Dopo il pareggio per 0-0 tra Bologna e Cagliari, Vincenzo Italiano è intervenuto ai microfoni dei cronisti. Ecco le parole del tecnico rossoblù a Dazn e quelle in conferenza stampa riportate da TMW.
COSA LO FA ARRABBIARE OGGI - "Nulla. I miei giocatori hanno cercato di dare il massimo. Avete visto anche gli altri risultati: pochi gol, caldo, campo allentato. Dovevamo essere più veloci nel giro palla ma non ci siamo riusciti. Però credo che senza palla abbiamo lavorato bene e se avessimo avuto questa attenzione in altre gare, forse non avremmo perso. Abbiamo ancora 9 punti a disposizione per blindare l'ottavo posto, è il nostro obiettivo. In questi ultimi 20 giorni cercheremo di fare il massimo".
SE CREDE IN QUESTO GRUPPO E NELLA DIRIGENZA - "Penso che 4 competizioni tolgono punti, soprattutto al campionato e mi sto rendendo conto che a tutti interessa di più il campionato perché molti ti giudicano per la posizione in cui concludi la Serie A. Questa squadra forse non era attrezzata per fare 4 competizioni. La squadra è competitiva ed ha valore, ma si può crescere ancora sotto tutti i punti di vista. Senza coppe penso che questa squadra, con un innesto qualitativo per ogni reparto, possa fare molti più punti di quanti ne ha fatti quest'anno. Sono certo che la società abbia ancora l'intenzione di crescere. L'anno prossimo non avremo più le coppe e personalmente voglio regalare gioie a questi tifosi, anche se le aspettative si sono alzate. Qui si può fare calcio vero, ma questo ambiente e questi tifosi vanno tutelati e conservati".

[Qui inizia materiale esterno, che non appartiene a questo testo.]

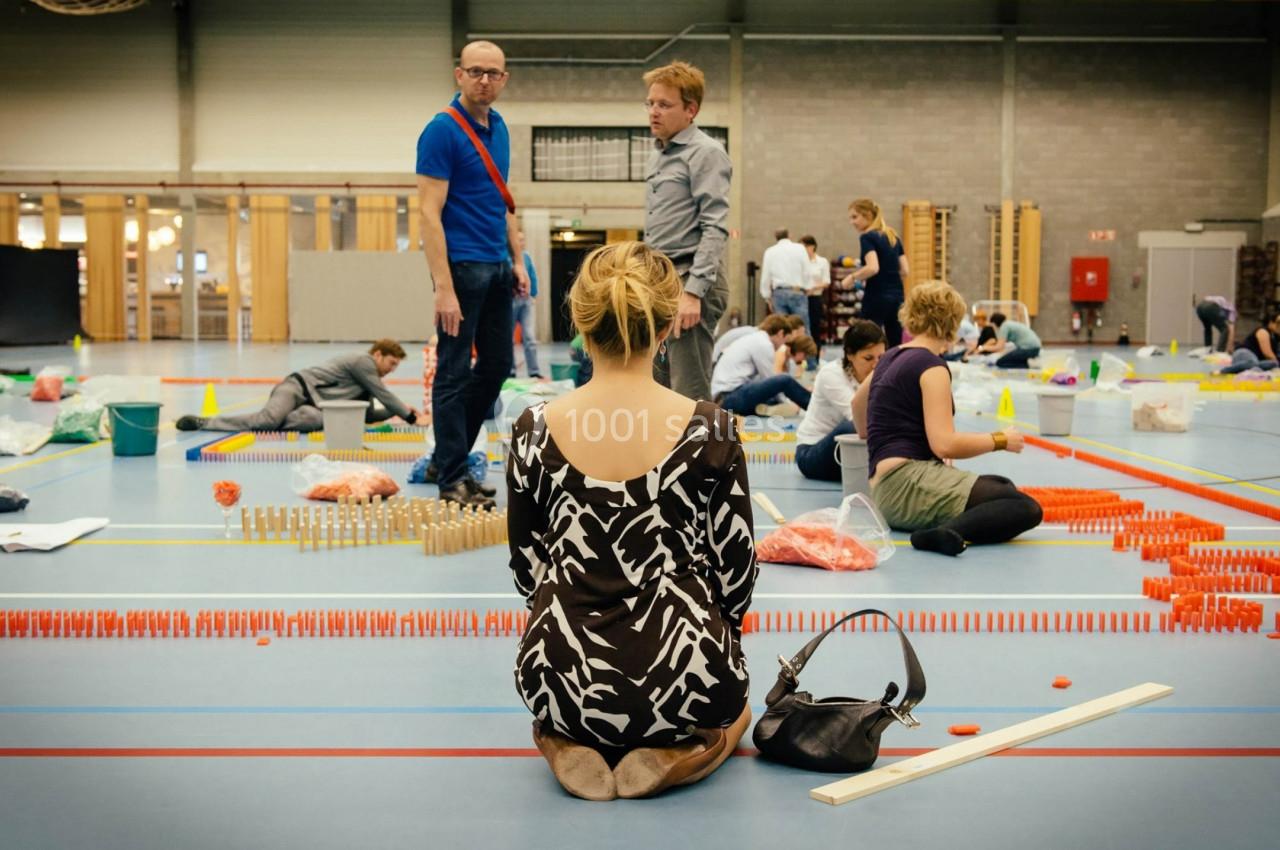 Des personnes assemblent des dominos colorés dans un gymnase, une femme assise au premier plan les observe.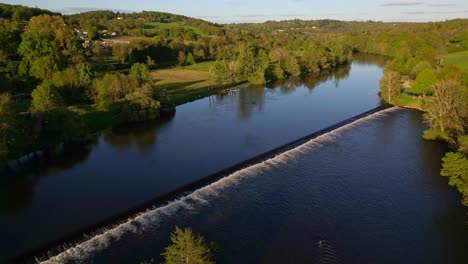 Drone-flying-over-Vienne-river-in-Saint-Victurnien-countryside,-Nouvelle-Aquitaine-in-France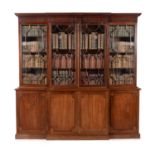 A mahogany breakfront library bookcase, in George III style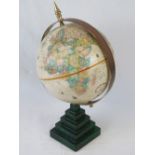 A Replogle terrestrial globe, on a faux malachite stepped base, 43cm high.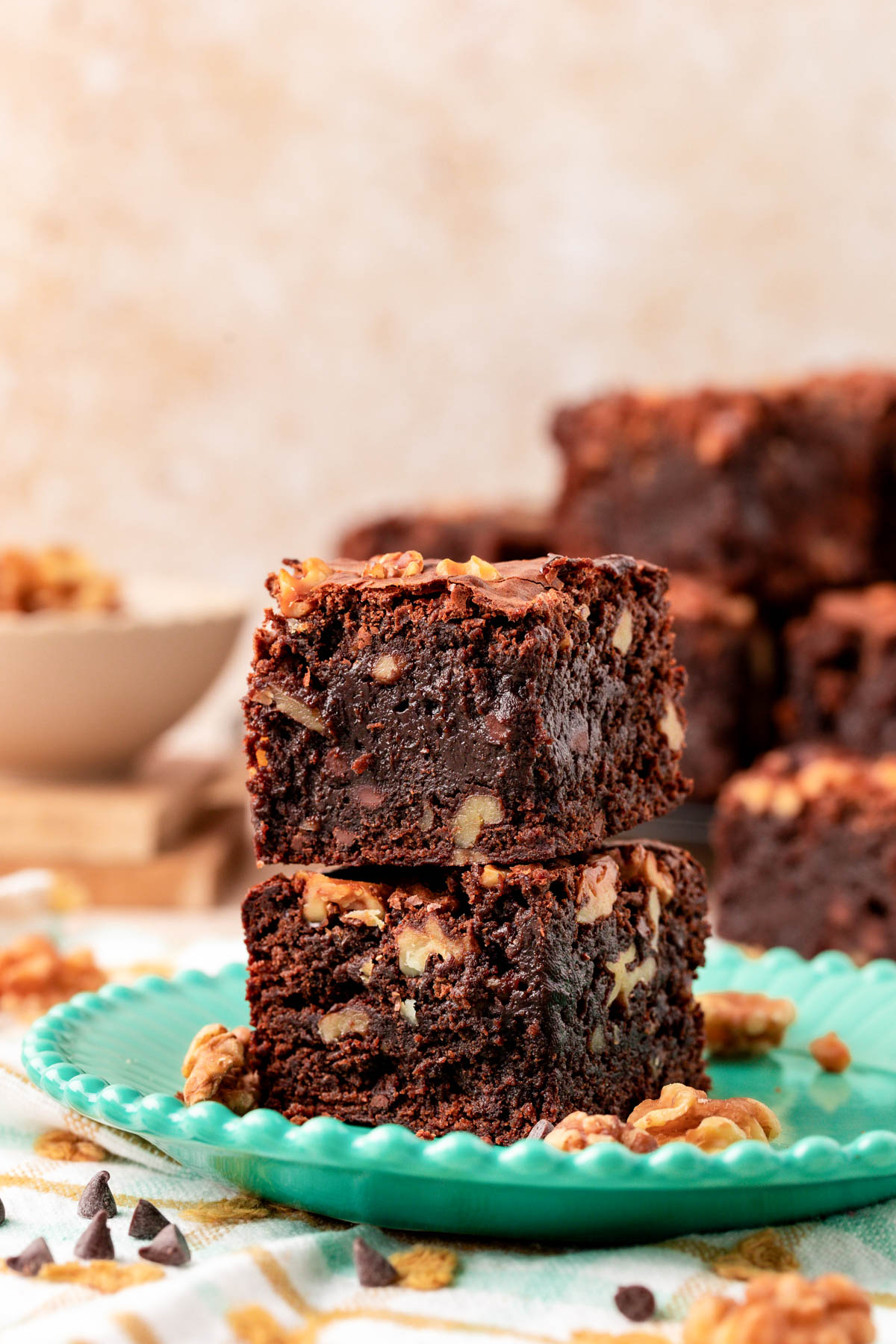 Two walnut fudge brownies stacked on a teal plate.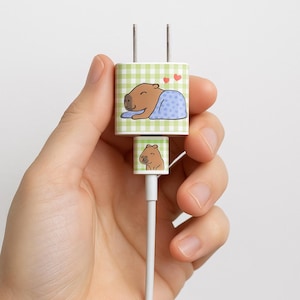 May include: A white phone charger with a green gingham pattern and a cartoon capybara design. The capybara is sleeping under a blue blanket with hearts above it. The charger has a small capybara illustration on the cord.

IL SUO FUTURO - "Ho un altro anno di contratto, è stato un percorso stupendo con un trofeo in bacheca e una stagione non straordinaria, ma che comunque ci ha emozionato. Non era scontato giocare una finale di Supercoppa. Parlerò a breve con la società, vedremo quali sono i progetti per il futuro e decideremo insieme. Non avendo altre competizioni, a parte la Coppa Italia, può darsi che faremo meglio in campionato".